> **TASK ITEM**
Stop after the line that contains "Melodytores – [Amateur.tv]"; until then, restate each line of the entries word for word from the very first.

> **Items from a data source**
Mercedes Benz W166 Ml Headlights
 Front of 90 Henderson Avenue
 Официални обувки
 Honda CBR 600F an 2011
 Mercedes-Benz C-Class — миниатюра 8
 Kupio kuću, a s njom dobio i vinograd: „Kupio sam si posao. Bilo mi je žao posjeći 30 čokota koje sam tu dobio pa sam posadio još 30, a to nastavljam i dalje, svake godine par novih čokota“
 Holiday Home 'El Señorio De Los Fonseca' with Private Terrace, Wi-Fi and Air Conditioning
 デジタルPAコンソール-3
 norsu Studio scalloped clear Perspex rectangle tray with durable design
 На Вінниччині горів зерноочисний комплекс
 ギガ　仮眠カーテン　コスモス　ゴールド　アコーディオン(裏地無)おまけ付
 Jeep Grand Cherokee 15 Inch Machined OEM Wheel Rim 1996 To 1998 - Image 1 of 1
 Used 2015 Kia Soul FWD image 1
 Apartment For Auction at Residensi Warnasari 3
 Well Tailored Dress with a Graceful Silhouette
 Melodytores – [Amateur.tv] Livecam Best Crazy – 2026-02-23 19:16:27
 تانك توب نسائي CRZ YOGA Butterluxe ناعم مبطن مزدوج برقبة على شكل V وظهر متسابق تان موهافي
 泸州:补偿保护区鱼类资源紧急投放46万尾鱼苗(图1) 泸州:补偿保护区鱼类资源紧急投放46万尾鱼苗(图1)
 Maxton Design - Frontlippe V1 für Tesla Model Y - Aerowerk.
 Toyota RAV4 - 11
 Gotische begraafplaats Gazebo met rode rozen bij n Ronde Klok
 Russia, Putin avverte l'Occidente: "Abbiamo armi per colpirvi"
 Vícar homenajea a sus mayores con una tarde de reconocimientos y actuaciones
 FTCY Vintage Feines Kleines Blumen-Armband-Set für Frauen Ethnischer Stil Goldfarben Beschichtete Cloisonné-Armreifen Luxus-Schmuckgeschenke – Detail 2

> **RESULT**
Mercedes Benz W166 Ml Headlights
 Front of 90 Henderson Avenue
 Официални обувки
 Honda CBR 600F an 2011
 Mercedes-Benz C-Class — миниатюра 8
 Kupio kuću, a s njom dobio i vinograd: „Kupio sam si posao. Bilo mi je žao posjeći 30 čokota koje sam tu dobio pa sam posadio još 30, a to nastavljam i dalje, svake godine par novih čokota“
 Holiday Home 'El Señorio De Los Fonseca' with Private Terrace, Wi-Fi and Air Conditioning
 デジタルPAコンソール-3
 norsu Studio scalloped clear Perspex rectangle tray with durable design
 На Вінниччині горів зерноочисний комплекс
 ギガ　仮眠カーテン　コスモス　ゴールド　アコーディオン(裏地無)おまけ付
 Jeep Grand Cherokee 15 Inch Machined OEM Wheel Rim 1996 To 1998 - Image 1 of 1
 Used 2015 Kia Soul FWD image 1
 Apartment For Auction at Residensi Warnasari 3
 Well Tailored Dress with a Graceful Silhouette
 Melodytores – [Amateur.tv] Livecam Best Crazy – 2026-02-23 19:16:27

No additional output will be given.